◆ **WHAT IS EXPECTED**: Please transcribe the data exactly as shown, skipping the images.

◆ **DATA FOR THIS EXERCISE**:
= = = = = = =

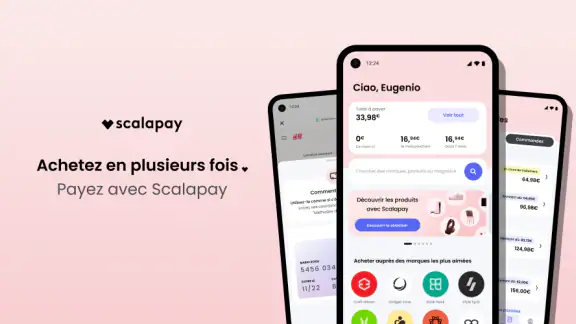 Scalapay | Paiement fractionné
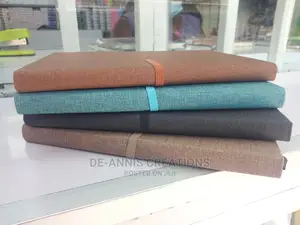 Felt A5 Notebooks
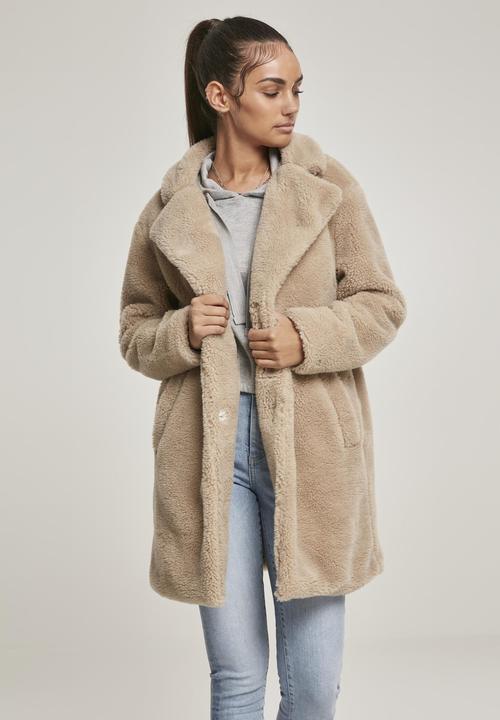 Immagine prodotto Urban Classics Donna Cappotto Sherpa oversize (M)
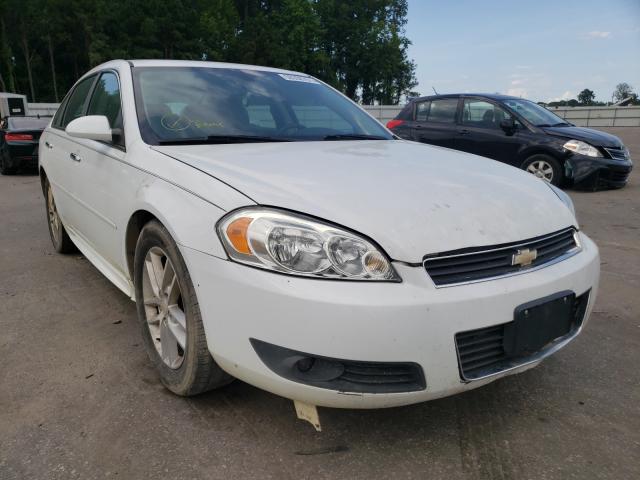 CHEVROLET IMPALA LTZ 2011 2g1wc5em0b1165783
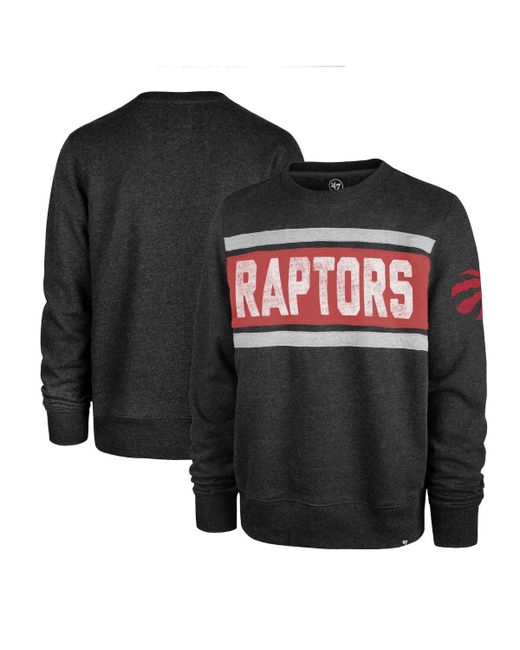 '47 Brand 47 Brand Toronto Raptors Tribeca Emerson Pullover Sweatshirt
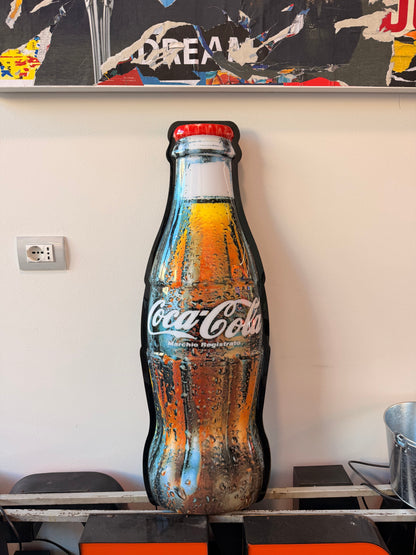 Insegna luminosa Coca Cola’80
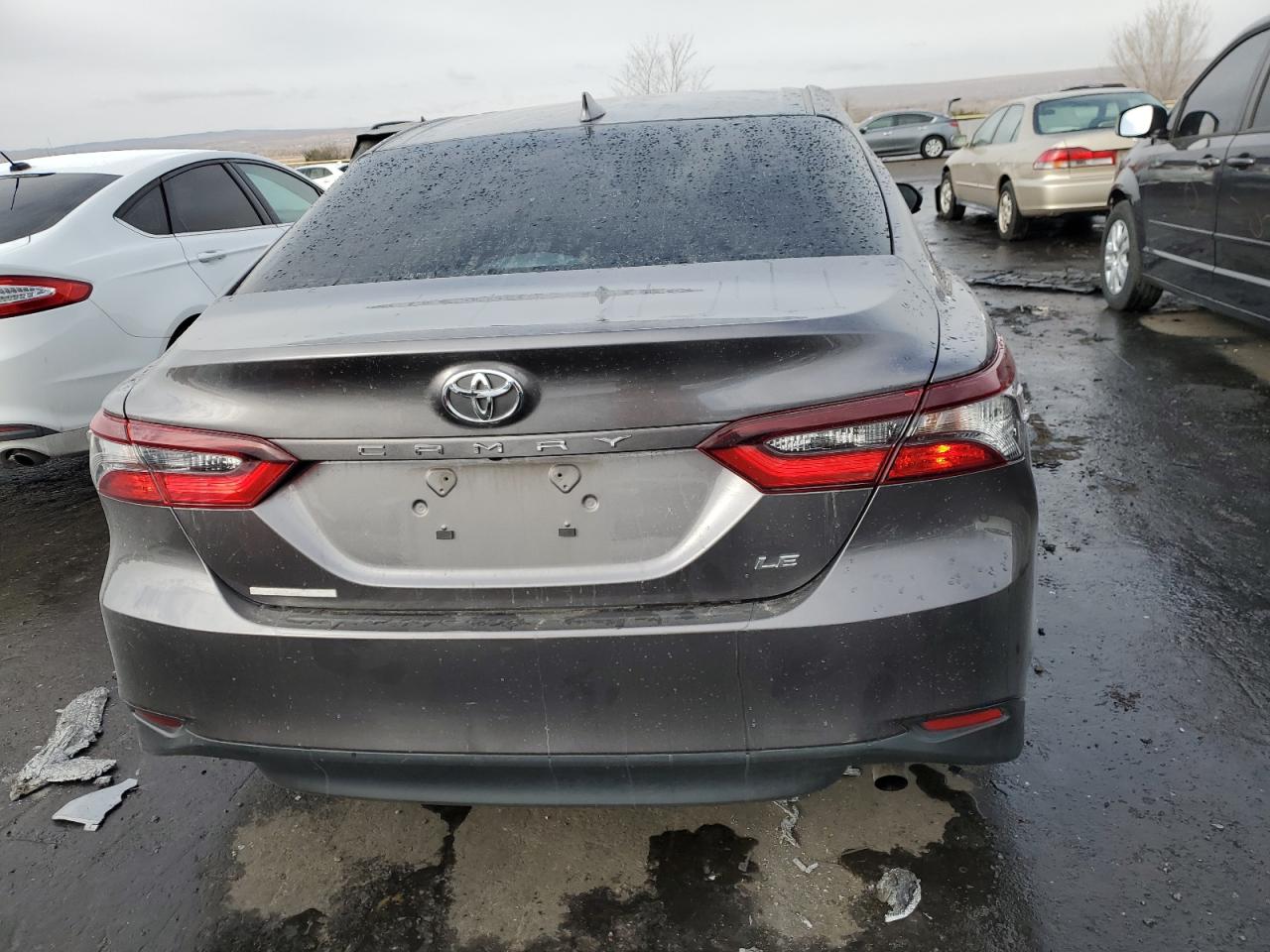 2022 TOYOTA CAMRY LE VIN:4T1C11AK1NU066455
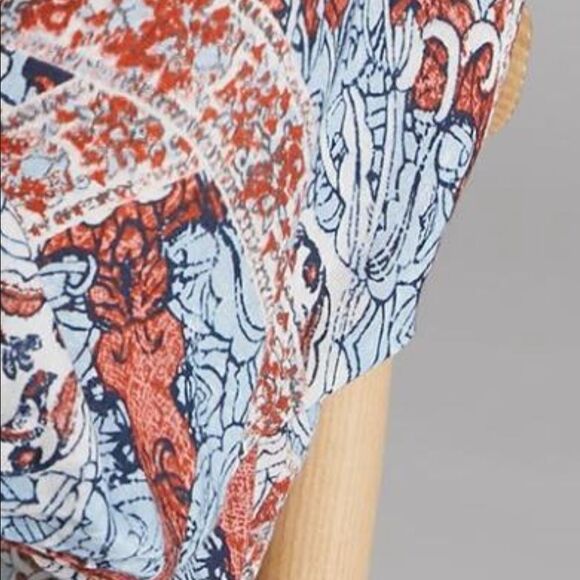 NWT Anthropologie SEEN WORN KEPT Minuet Blouse Small B-1284 - Picture 2 of 7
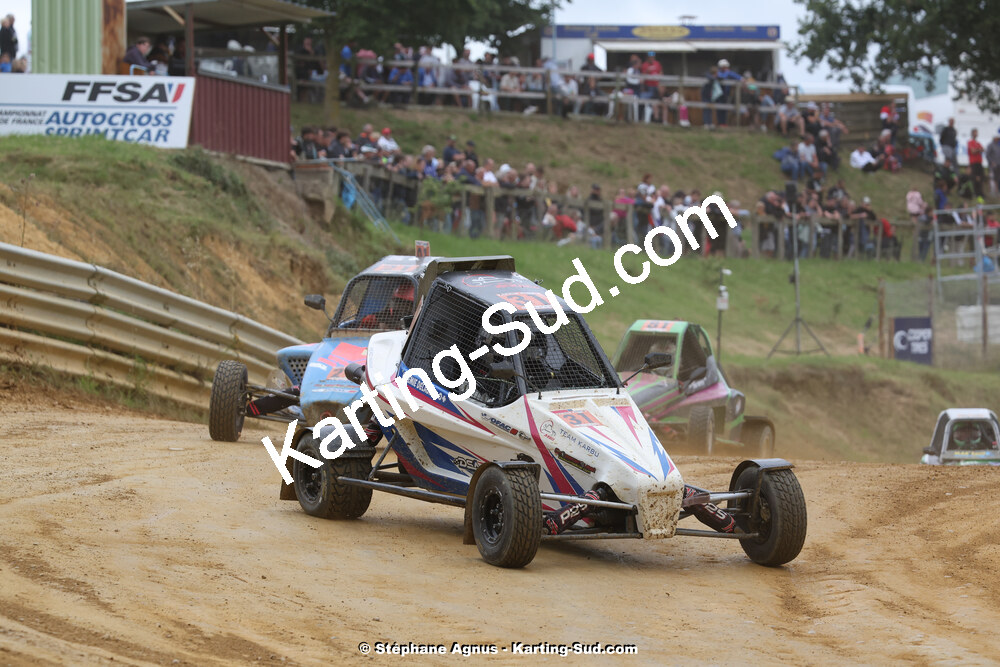 01 & 02/07/2023 : Championnat de France Autocross et Sprint Car à Aydie (photos Stéphane Agnus) 2023 — karting
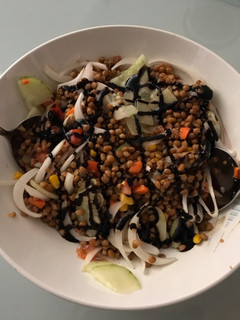 Una foto de Ensalada de Lentejas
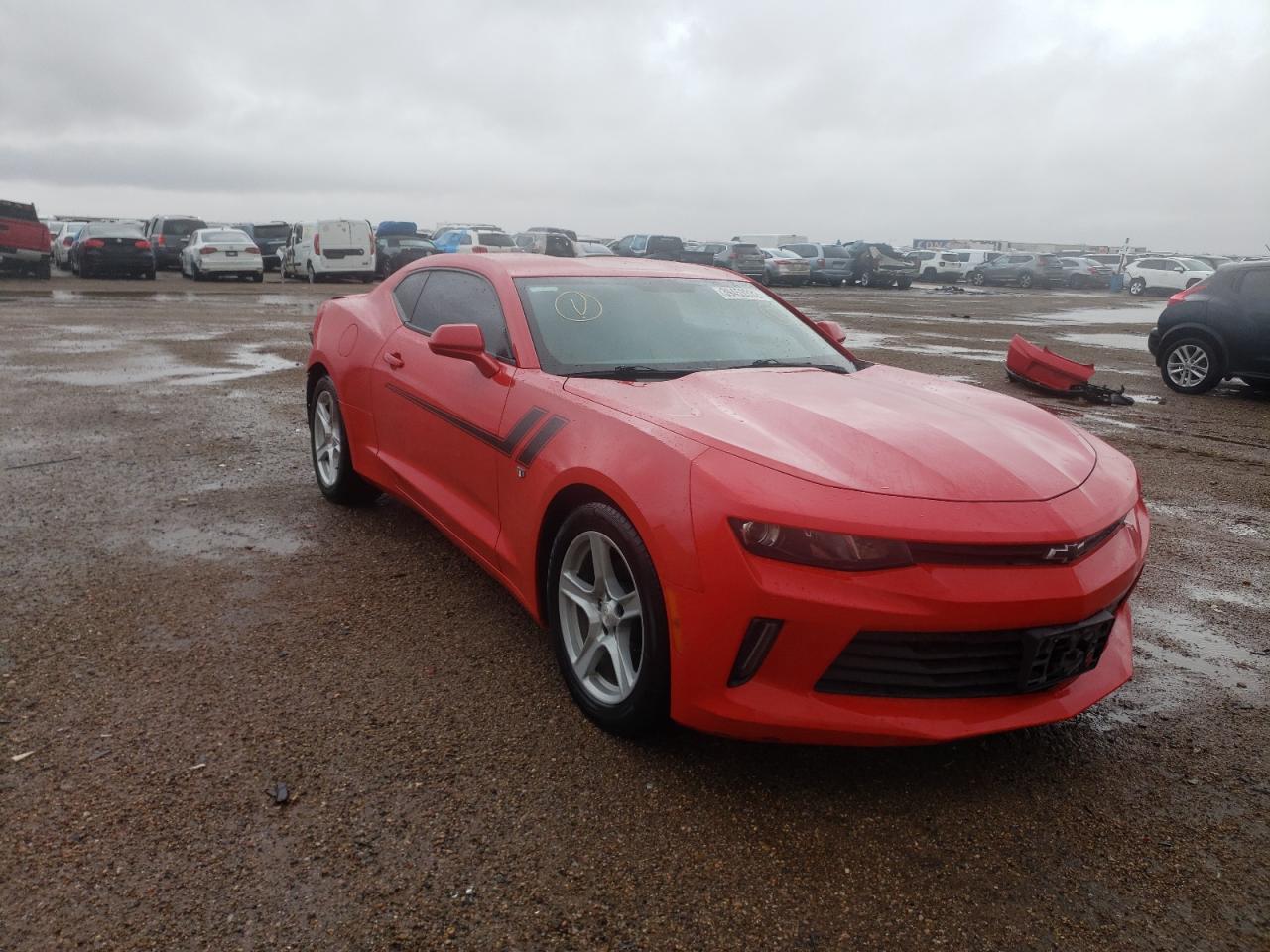 Photo 1 from auction – 2016 CHEVROLET CAMARO LT with VIN 1G1FB1RS6G0148722
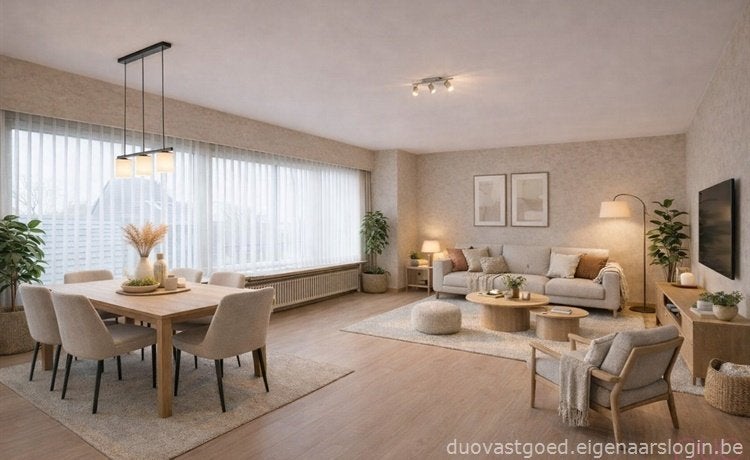 Instapklaar appartement nabij Grote Markt/Station St-Truiden, Immo, 63 m², Province de Limbourg, Sint-Truiden, Appartement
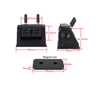 7” AHD IPS Monitor Kit + Magnetic Wireless Reversing Camera with Built-In Battery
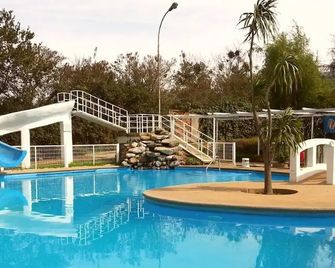 Hostería y Spa Llano Real - Olmué - Piscina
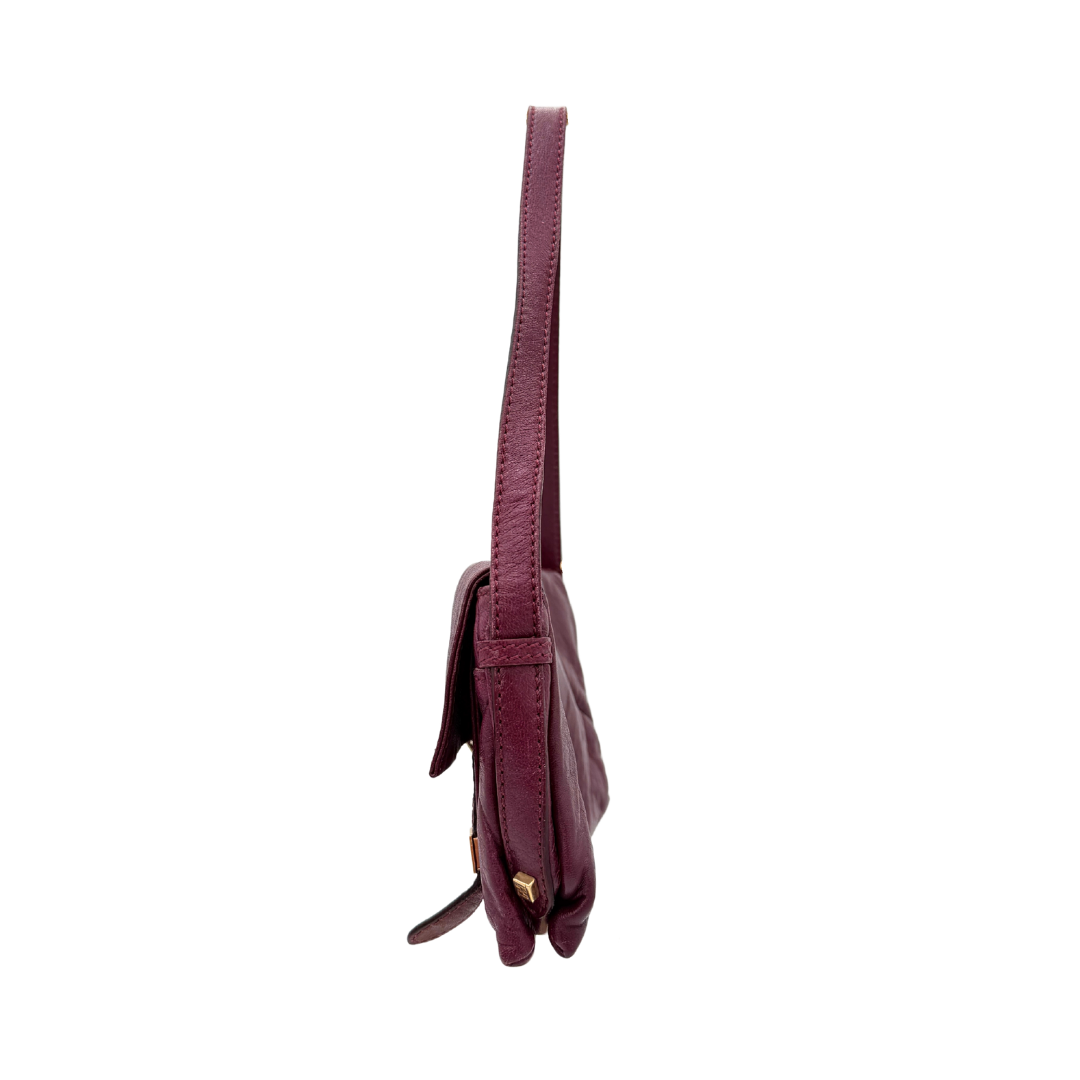 Fendi Magenta Sweety Baguette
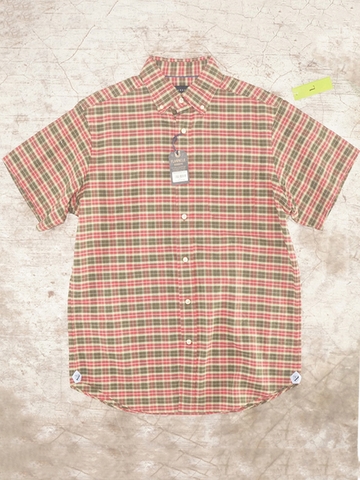 Áo Sơ Mi Nam Anncliff Short Sleeve Shirt - SIZE L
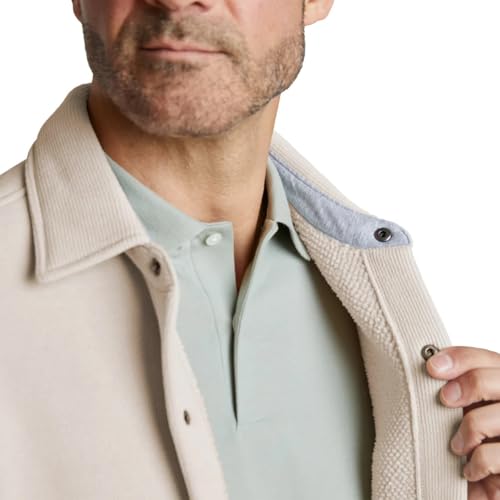 Copper & Oak Men's Stretch Shirt Jacket4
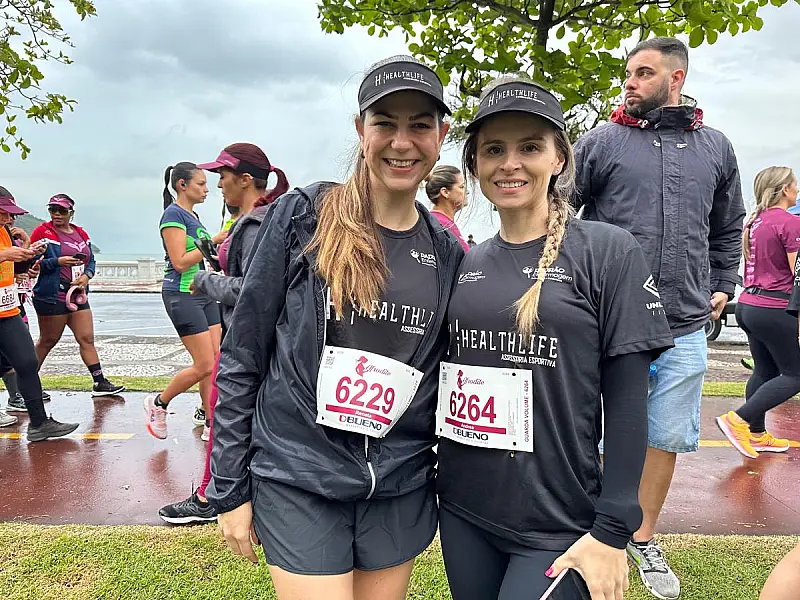 Corrida Afrodite reuniu neste domingo, 27, mais de 2 mil atletas na orla de Santos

= = = = = = =

◆ **RESULT OF THE EXERCISE**:
 Scalapay | Paiement fractionné
 Felt A5 Notebooks
 Immagine prodotto Urban Classics Donna Cappotto Sherpa oversize (M)
 CHEVROLET IMPALA LTZ 2011 2g1wc5em0b1165783
 '47 Brand 47 Brand Toronto Raptors Tribeca Emerson Pullover Sweatshirt
 Insegna luminosa Coca Cola’80
 2022 TOYOTA CAMRY LE VIN:4T1C11AK1NU066455
 NWT Anthropologie SEEN WORN KEPT Minuet Blouse Small B-1284 - Picture 2 of 7
 01 & 02/07/2023 : Championnat de France Autocross et Sprint Car à Aydie (photos Stéphane Agnus) 2023 — karting
 Una foto de Ensalada de Lentejas
 Photo 1 from auction – 2016 CHEVROLET CAMARO LT with VIN 1G1FB1RS6G0148722
 Instapklaar appartement nabij Grote Markt/Station St-Truiden, Immo, 63 m², Province de Limbourg, Sint-Truiden, Appartement
 7” AHD IPS Monitor Kit + Magnetic Wireless Reversing Camera with Built-In Battery
 Hostería y Spa Llano Real - Olmué - Piscina
 Fendi Magenta Sweety Baguette
 Áo Sơ Mi Nam Anncliff Short Sleeve Shirt - SIZE L
 Copper & Oak Men's Stretch Shirt Jacket4
 Corrida Afrodite reuniu neste domingo, 27, mais de 2 mil atletas na orla de Santos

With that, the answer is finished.